Many prisons are over capacity and understaffed. Forty-three percent of correctional staff and sergeant positions in Waupun were vacant last week. But that’s no excuse for failing to maintain basic care.

Gov. Tony Evers is demanding accountability at the Waupun Correctional Institution, which is welcome. He and the Legislature raised the starting pay of prison guards in the latest state budget to help attract more workers. About 14% of positions were vacant last week across all Department of Corrections adult facilities.

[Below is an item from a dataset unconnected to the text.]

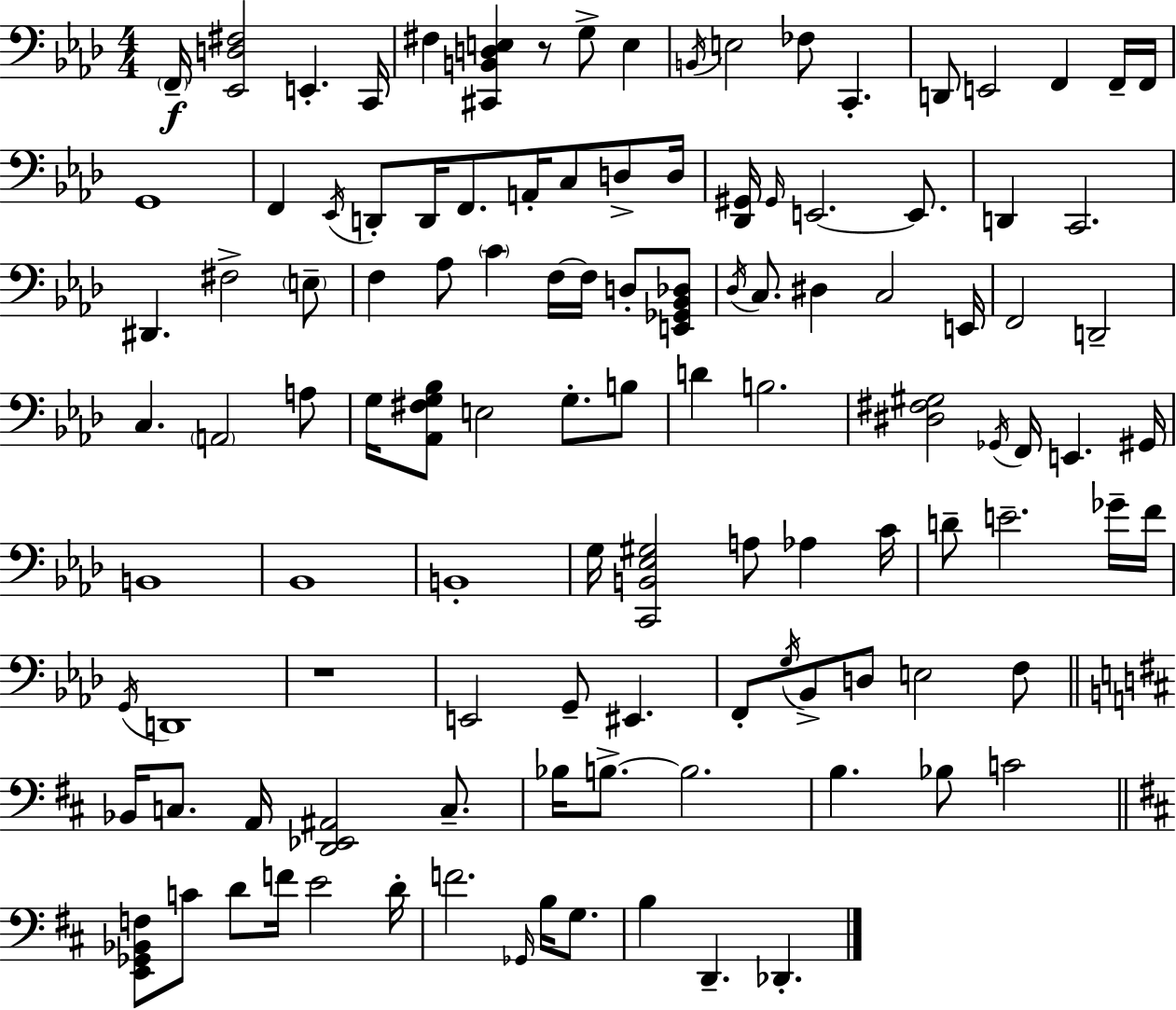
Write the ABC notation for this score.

But this is about so much more. Wisconsin for decades has locked up twice as many people as neighboring Minnesota. Wisconsin, with 22,000 inmates, spends more per capita on prisons than all surrounding states, and more on prisons — $1.4 billion last year — than its university system.

The charges in Dodge County last week were just the latest reports of terrible conditions at the Waupun and Green Bay prisons, which are more than a century old. Lockdowns and lawsuits have marred the facilities for years, and the governor asked the U.S. Department of Justice to look into contraband smuggling.

Calls to close the Waupun and Green Bay institutions deserve renewed analysis and consideration. Similar to Dane County, which recently approved a new jail, the state may need a modern facility to house its most violent offenders that’s more efficient for staff, services and security.

The governor may have inherited a troubled prison system. But his administration doesn’t seem to be improving things much if at all.

Taxpayers need a clear plan from the governor and Jared Hoy, his new Department of Corrections secretary, for a better prison system that’s humane and effective at rehabilitation. Most inmates will eventually get out. Helping them beat addictions, train for jobs and find housing before they’re released deserves higher priority.

What’s your plan, governor? Wisconsin needs to know how you’re going to fix this.